Other than the label. there is nothing on it that says England to me. Maybe cute for a kid's room. Looks like a kid made it. Ah well, more power to her if she can sell it.


----------



## Crzywymyn

I'd guess $500. It's worth is what someone will pay. There's a lot out there for sale that demand rediculous prices and plenty of people willing to pay them. I like it but could never afford it. I'd gladly accept it as a gift.


----------



## Nanknit

At first I thought it could be a cover for a diary/trip book/note book. Perhaps it's worth $480. It's different...I'll give you that.


----------



## amberdragon

i really like it...art has no purpose except to be enjoyed..
saying that, i would not buy it any price!
Blessings


----------



## MsHeirloom

I have enough ephemera in my studio to make hundreds of these! Mine would be made in Ohio, USA. Doubt I would sell even one. Good luck to her!!!!!


----------



## rainie

In Limbo (exclusive)
2006.

""Artist: Palvinder Nangla
6" x 7.5"

Mixed media and textiles
Signed by the artist 

This art work is available to buy at our art gallery in Stow on the Wold - please get in touch to arrange a viewing. Alternatively, you can buy art online.""

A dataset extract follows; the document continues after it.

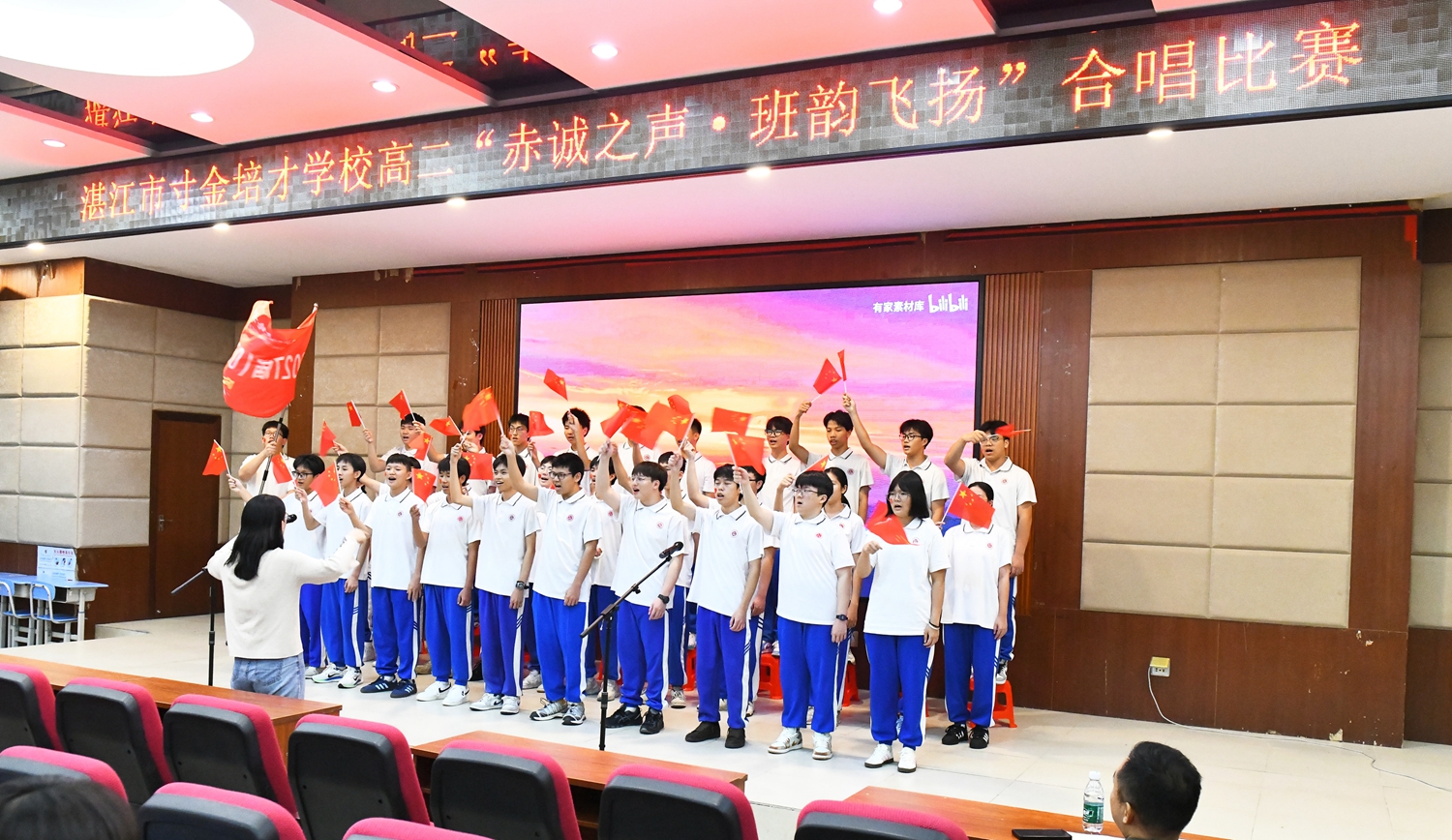 1763476495813120.jpg 图3:班级演唱照片.jpg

I guess you hang it on the wall. You can get it framed for an extra charge.


----------



## Raybo

mac.worrall said:


> See if you can guess the price
> It is 6 by 7 1/2 inches


Any amount you could name would be way too much for me. To me, it's too ugly for words.
:hunf: :thumbdown:


----------



## jmf6406

And people gripe about paying $100 for a fabulously knit sweater from expensive yarn? Go figure.


----------



## vjh1530

jmf6406 said:


> And people gripe about paying $100 for a fabulously knit sweater from expensive yarn? Go figure.


I agree.

It amazes me what is called Art nowadays. Looks like a bunch of leftover junk tossed together. I don't get it.


----------



## mac.worrall

flitri said:


> 300 pounds


Nowhere near


----------



## Oakley

rainie said:


> In Limbo (exclusive)
> 2006.
> 
> ""Artist: Palvinder Nangla
> 6" x 7.5"
> 
> Mixed media and textiles
> Signed by the artist
> 
> This art work is available to buy at our art gallery in Stow on the Wold - please get in touch to arrange a viewing. Alternatively, you can buy art online.""
> 
> I guess you hang it on the wall. You can get it framed for an extra charge.

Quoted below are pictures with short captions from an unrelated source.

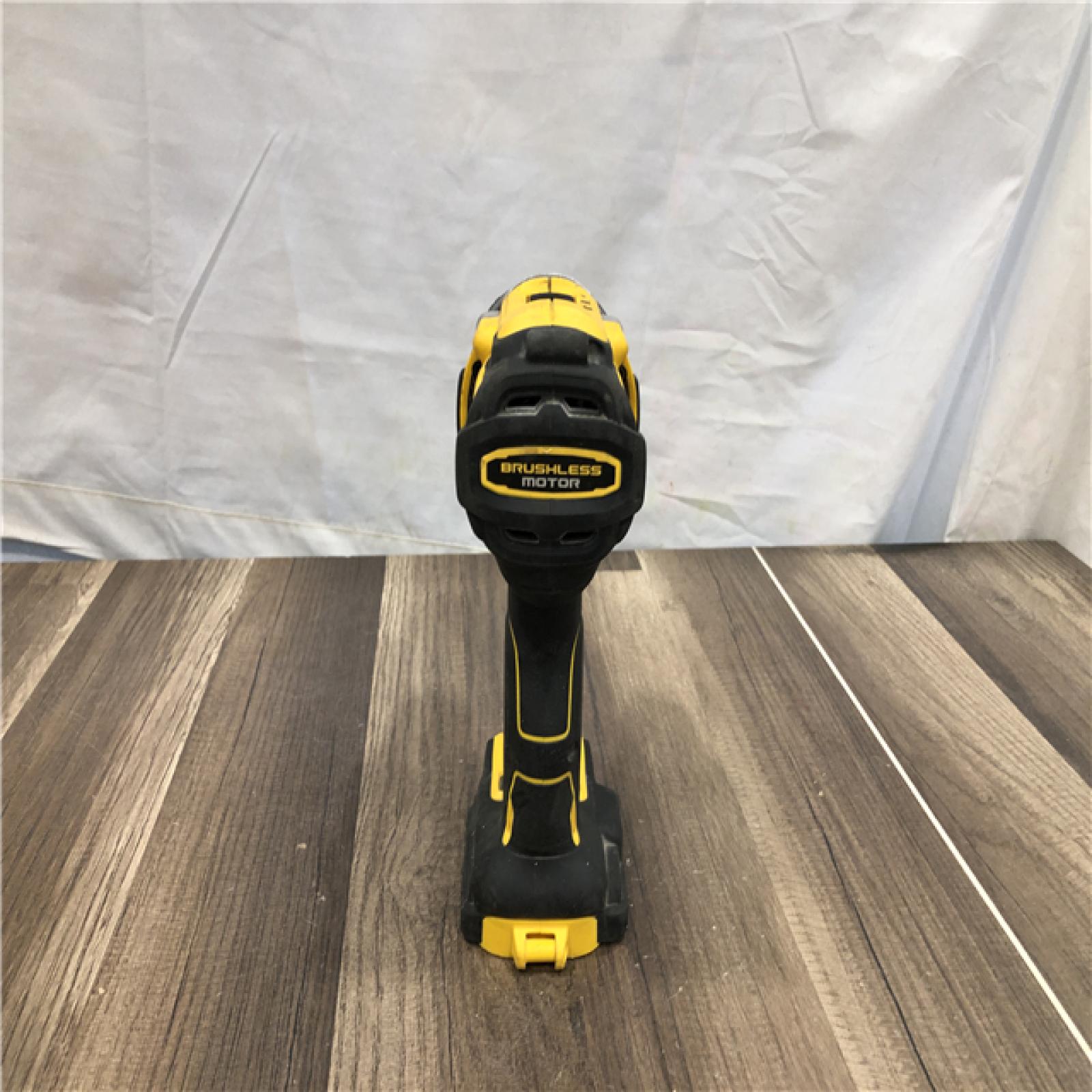 AS-IS DEWALT 20V XR Lithium-Ion Cordless Hammer Drill Kit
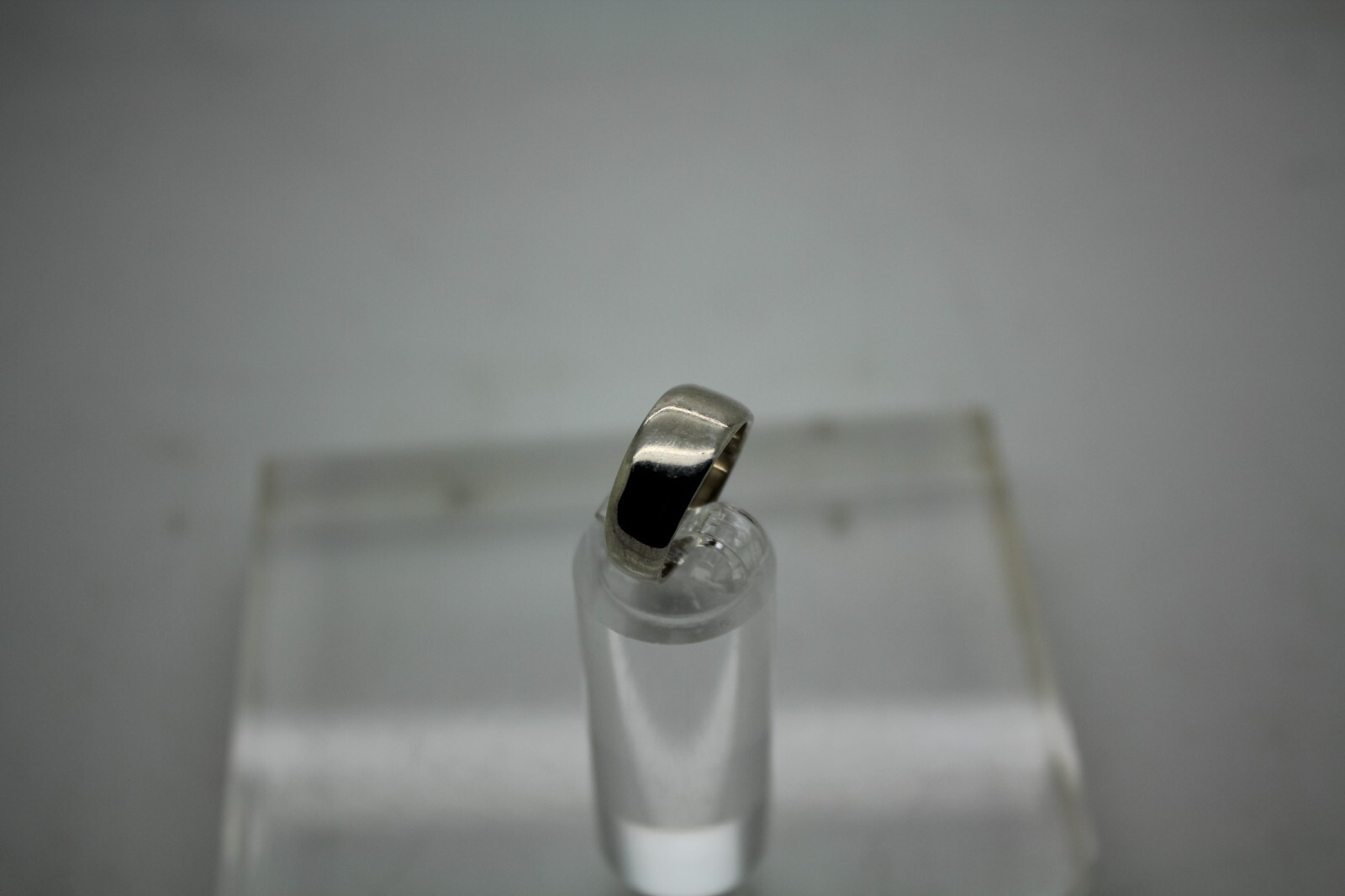 .925 Sterling Silver Solid GRADUATING WIDTH DESIG… - image 3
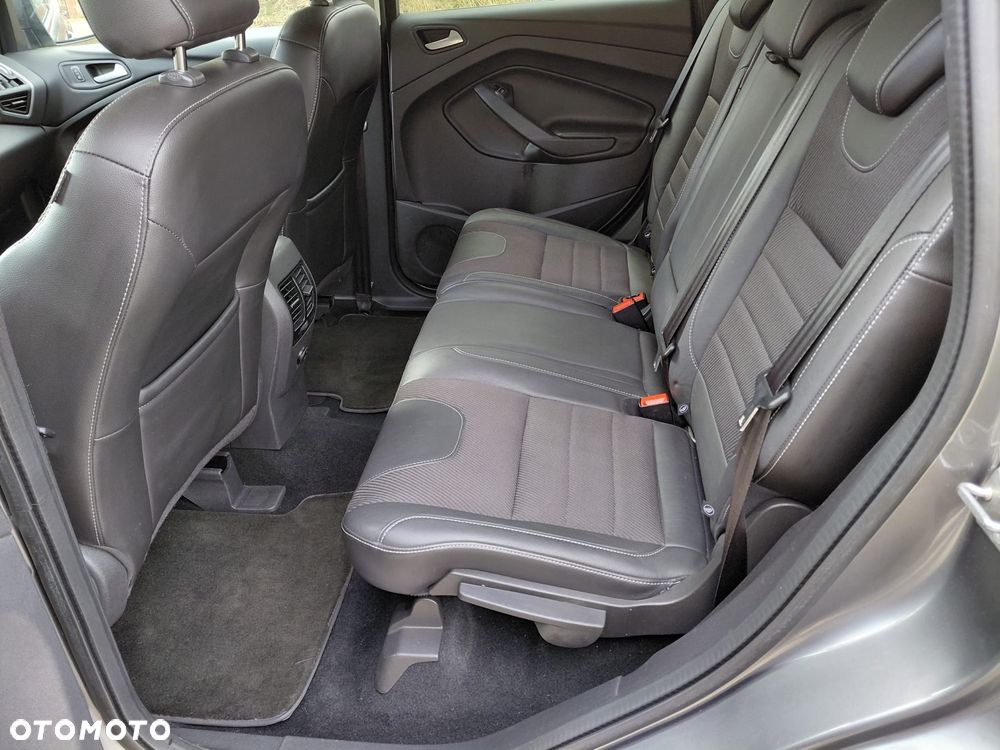 Ford Kuga - 15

I visited Stow on the Wold a few years ago when my sister and I were visiting her friend for a few days, but we never went into any art galleries!! Wouldn't have had the cash for anything like this!!


----------



## Montana Gramma

Guess I will dig out some of my boys kindergarten art! We would be millionaires! If she can sell it more power to her!


----------



## mac.worrall

www.opus-art.com/the-artists/artist/palvinder-nangla/artwork-2345/in-limbo


----------



## deshka

I thought it was a collection out of the bottom of a trash basket, yeah, I really did. At closer look, maybe there is a reason it's from 2006.


----------



## PhoenixFire

i found a few more pieces by this artist. i can't even imagine the prices.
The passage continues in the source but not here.